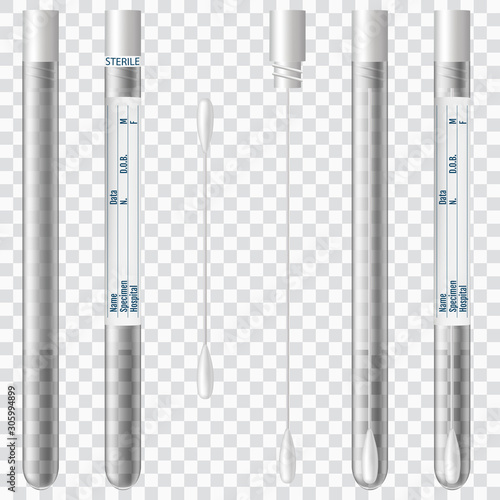 Sterile Transport SWAB. Cotton swabs in plastic tube with cap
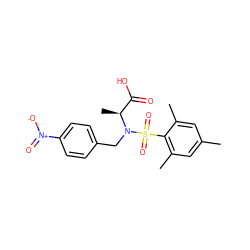 Cc1cc(C)c(S(=O)(=O)N(Cc2ccc([N+](=O)[O-])cc2)[C@@H](C)C(=O)O)c(C)c1 ZINC000013840037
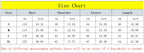 Size chart for vintage embroidered Christmas sweater for women with measurements for S, M, L, and XL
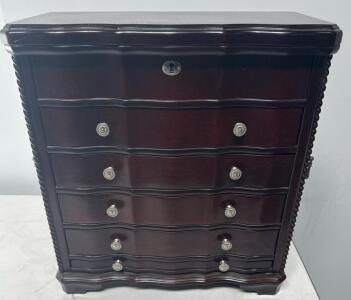 Large 7-Drawer Mahogany Jewelry Armoire with Lock, Velvet Lining, Mirror & 2 Necklace Side Doors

┄┄┄┄┄┄┄┄┄┄┄┄┄┄┄┄┄┄┄┄

▶ Activity:
All that is needed is an exact copy of the lines from the line with "Size chart for" through the end of the listing, both ends included, with no pictures.

▶ Result:
 Size chart for vintage embroidered Christmas sweater for women with measurements for S, M, L, and XL
 Large 7-Drawer Mahogany Jewelry Armoire with Lock, Velvet Lining, Mirror & 2 Necklace Side Doors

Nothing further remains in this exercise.